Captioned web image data
--*--

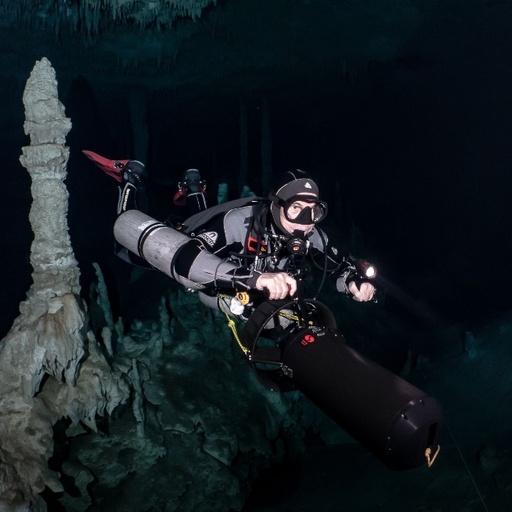 [C014-DPV] DPV Diver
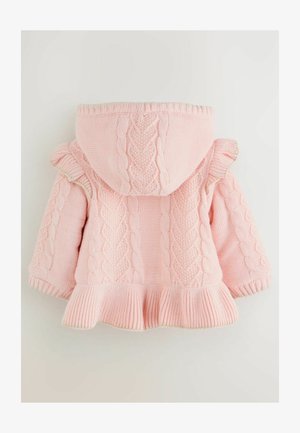 Roza pletena kapuca s kablovim vzorcem, rebrastim robom in nagajivimi detajli. Mehka tekstura in dolgi rokavi.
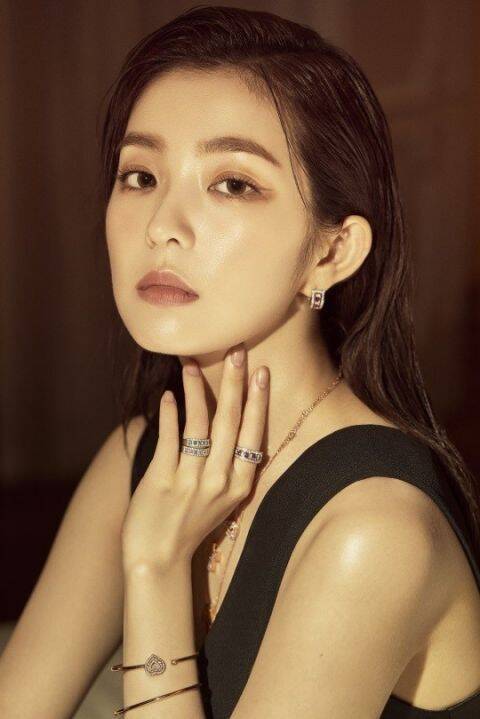 韩国女团RedVelvet成员Irene拍摄珠宝写真 尽显女性魅力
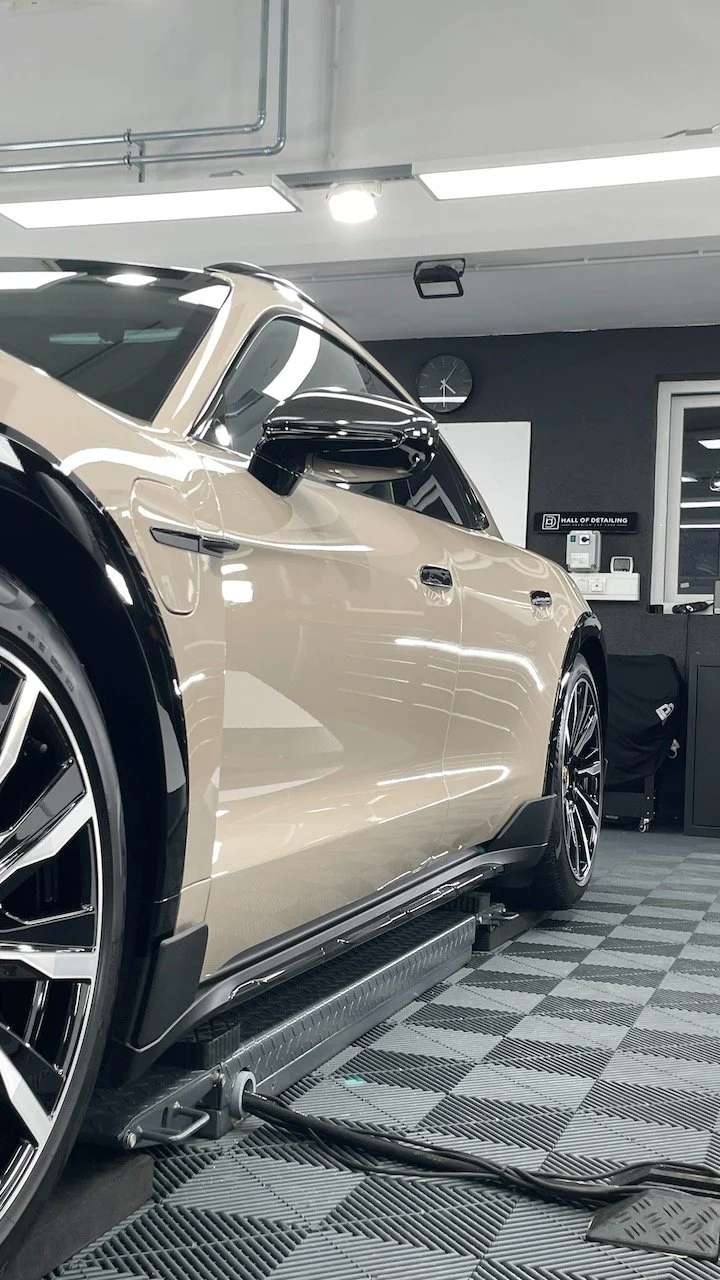 Porsche Taycan Turbo S nach Lackkorrektur PPF und Keramikversiegelung im Detail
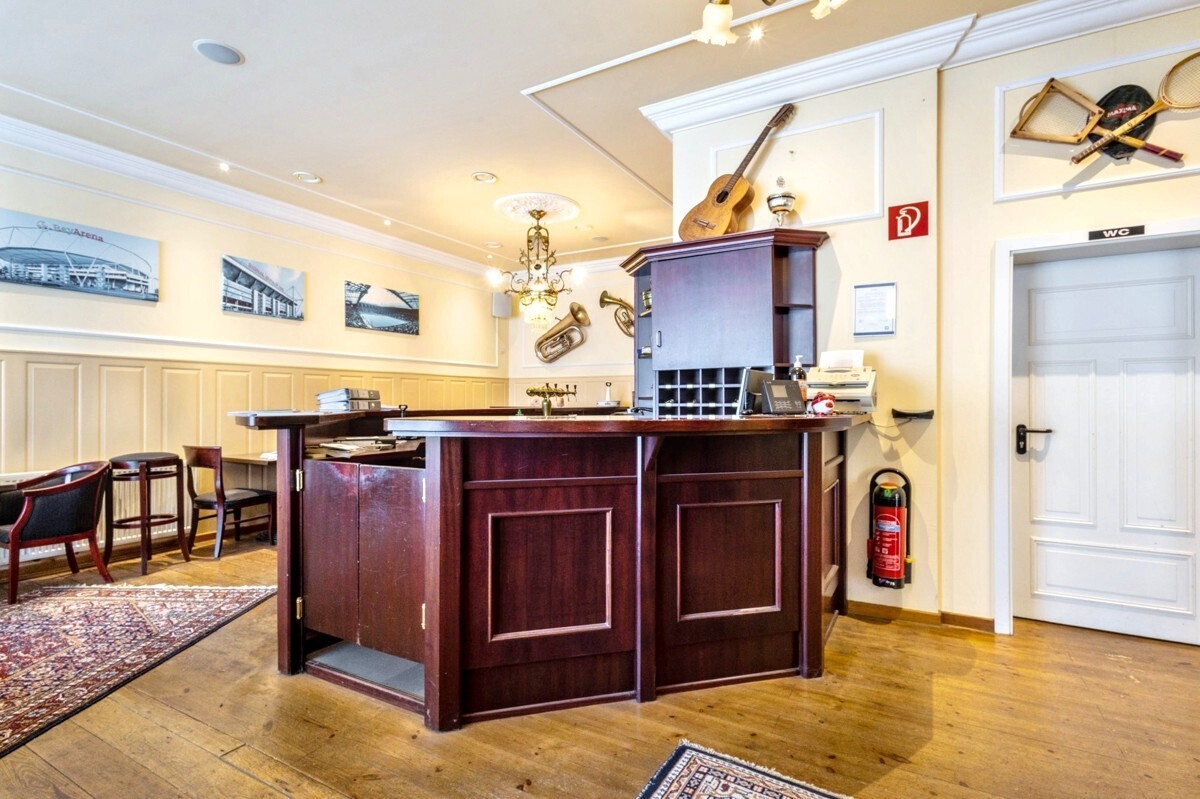 Eingangsbereich EG / Offenes Büro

--*--

About this task
The required answer is the lines from the one that contains "韩国女团RedVelvet成员Irene拍摄珠宝写真 尽显女性魅力" through the last line of the records, restated word for word, with every picture dropped.

Finished task
 韩国女团RedVelvet成员Irene拍摄珠宝写真 尽显女性魅力
 Porsche Taycan Turbo S nach Lackkorrektur PPF und Keramikversiegelung im Detail
 Eingangsbereich EG / Offenes Büro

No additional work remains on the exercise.